▸ **THE TASK**
Could you write out every record below exactly, leaving the pictures out?
**** INFORMATION GIVEN
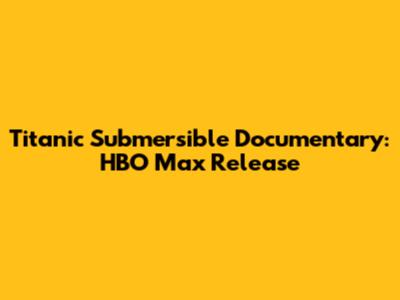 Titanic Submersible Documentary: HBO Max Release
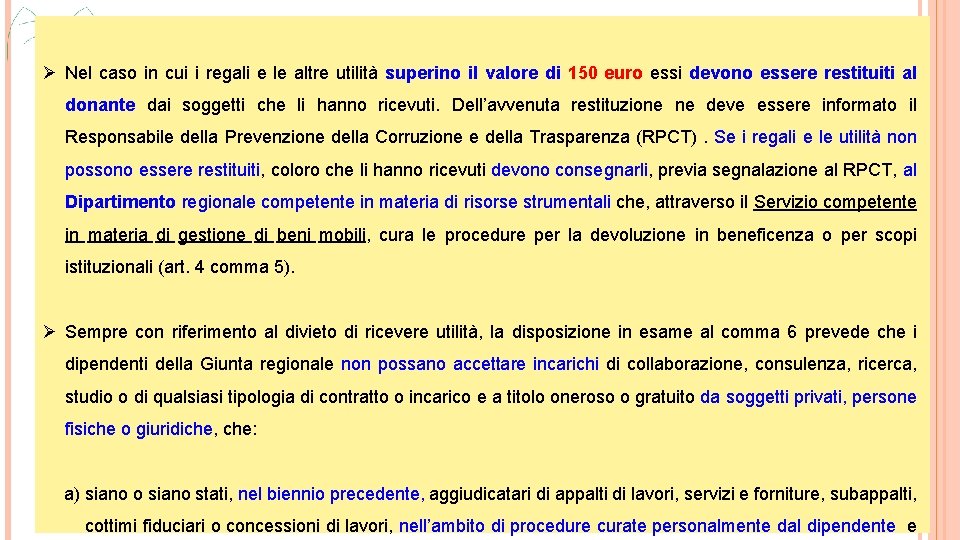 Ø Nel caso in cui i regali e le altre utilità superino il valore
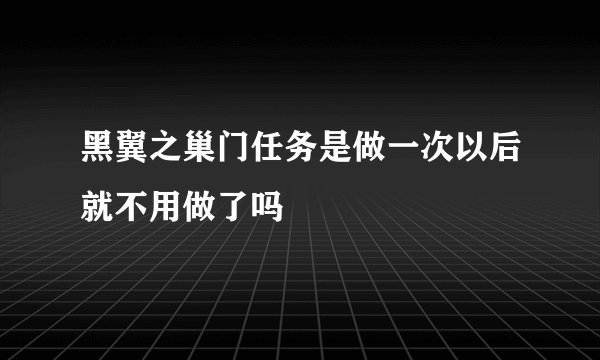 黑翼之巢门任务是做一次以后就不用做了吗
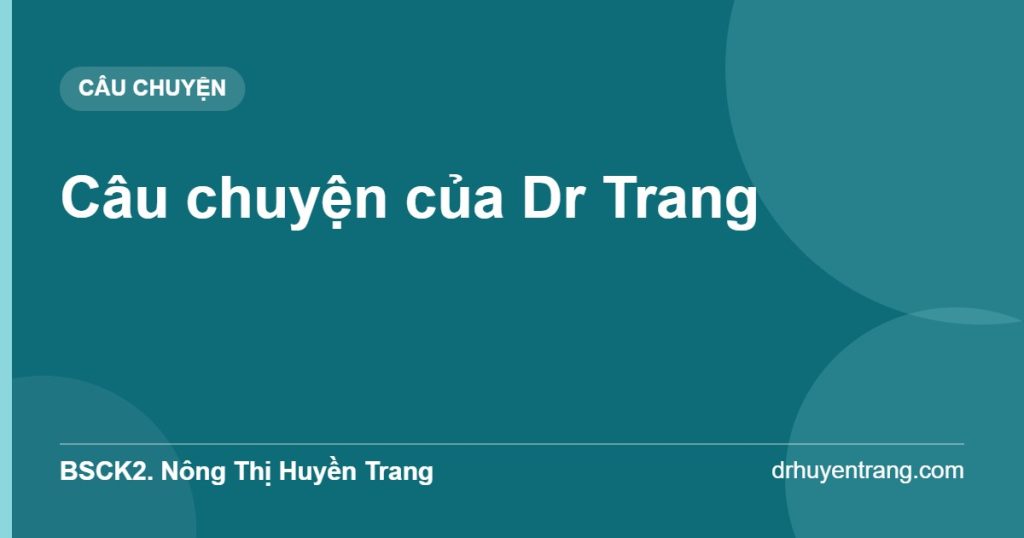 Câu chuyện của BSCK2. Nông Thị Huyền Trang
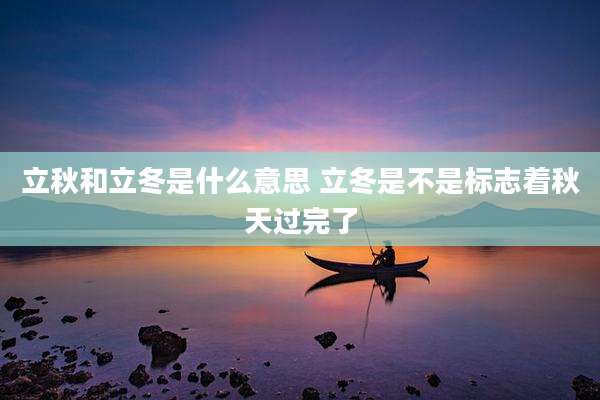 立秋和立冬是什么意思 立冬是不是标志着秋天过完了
********
▸ **SOLUTION**
 Titanic Submersible Documentary: HBO Max Release
 Ø Nel caso in cui i regali e le altre utilità superino il valore
 黑翼之巢门任务是做一次以后就不用做了吗
 Câu chuyện của BSCK2. Nông Thị Huyền Trang
 立秋和立冬是什么意思 立冬是不是标志着秋天过完了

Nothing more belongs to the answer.